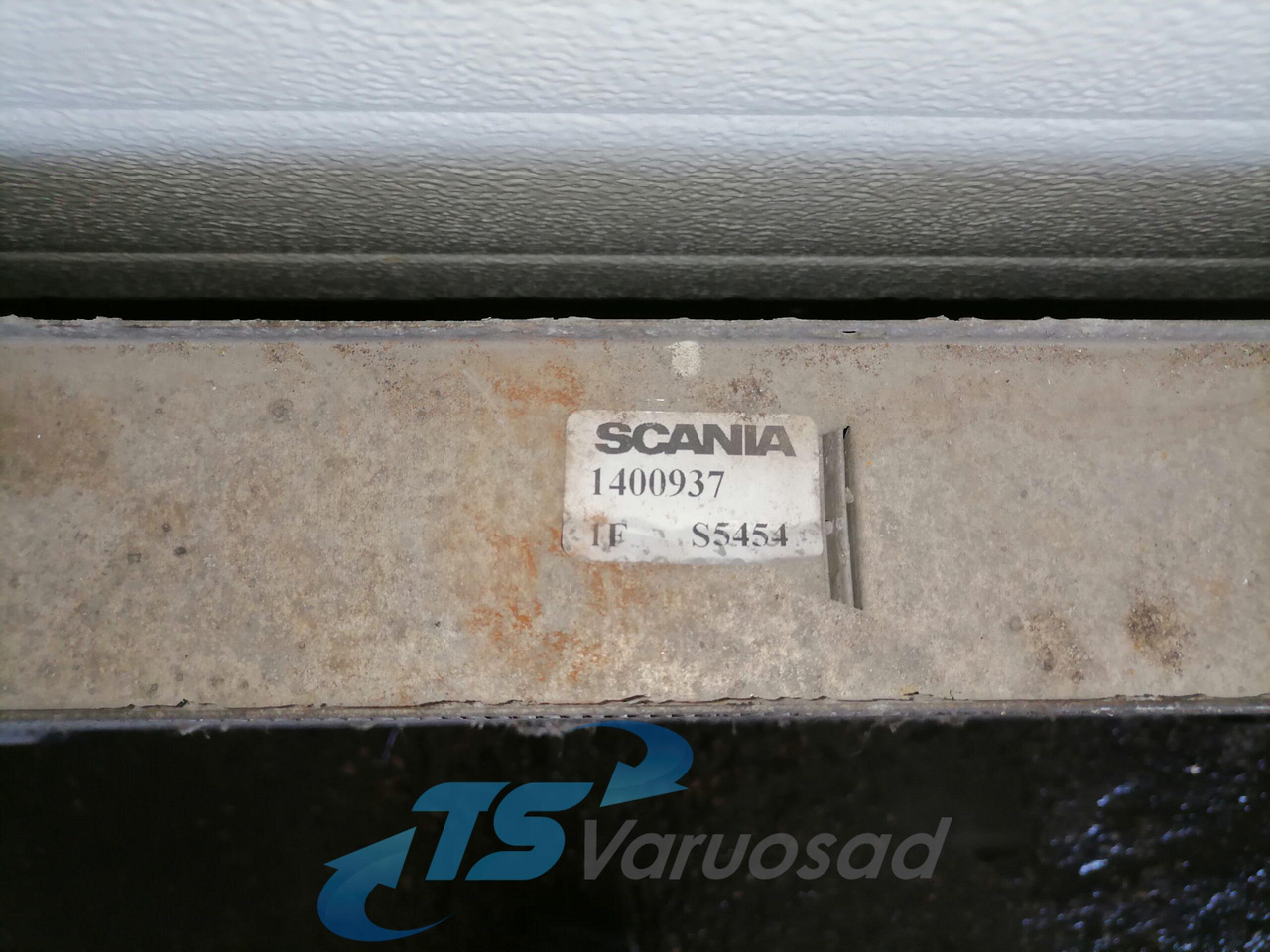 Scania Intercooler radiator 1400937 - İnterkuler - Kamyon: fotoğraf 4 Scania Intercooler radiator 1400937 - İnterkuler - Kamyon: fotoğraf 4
━━━━━━━━━━━━━━━━━━━━━━━━━━━━━━
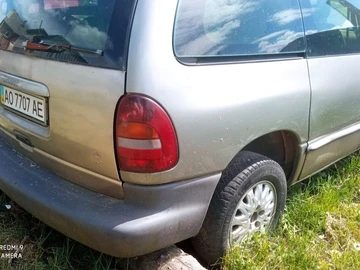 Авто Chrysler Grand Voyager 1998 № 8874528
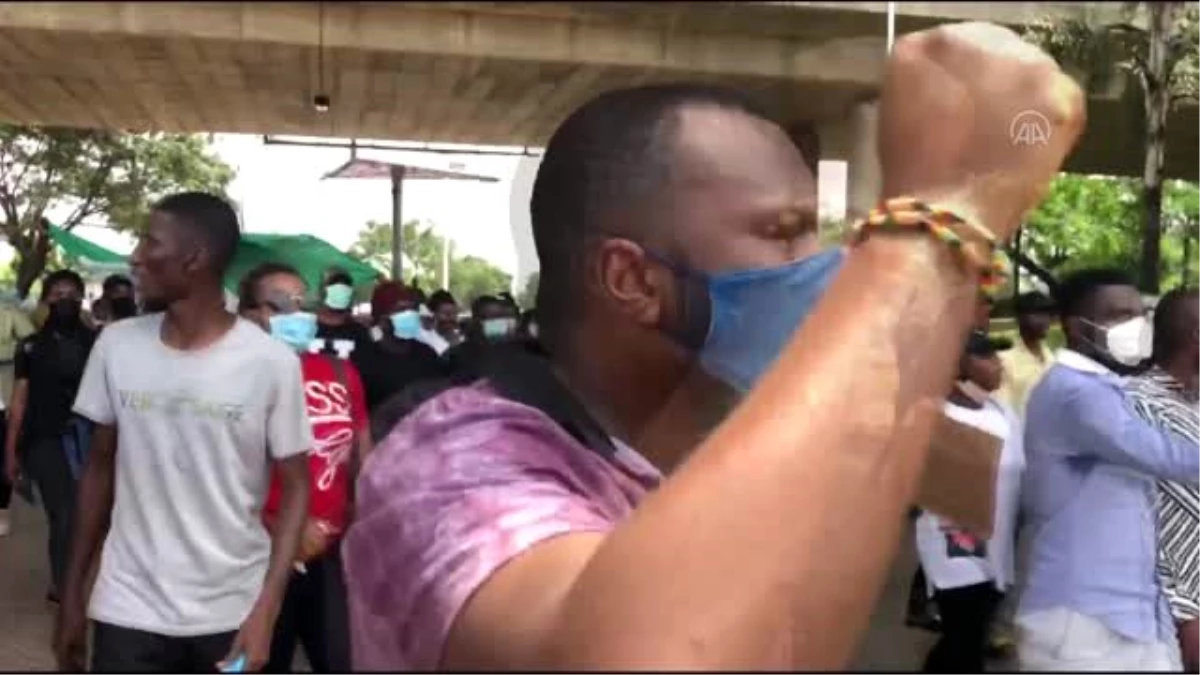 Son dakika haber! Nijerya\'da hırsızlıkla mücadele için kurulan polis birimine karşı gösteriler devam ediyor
━━━━━━━━━━━━━━━━━━━━━━━━━━━━━━
### TRY IT
Look above for the line containing "Авто Chrysler Grand Voyager 1998 № 8874528", then copy exactly from it through the line containing "Son dakika haber!", keeping both and leaving out pictures. Add nothing else.

### SOLUTION
 Авто Chrysler Grand Voyager 1998 № 8874528
 Son dakika haber! Nijerya\'da hırsızlıkla mücadele için kurulan polis birimine karşı gösteriler devam ediyor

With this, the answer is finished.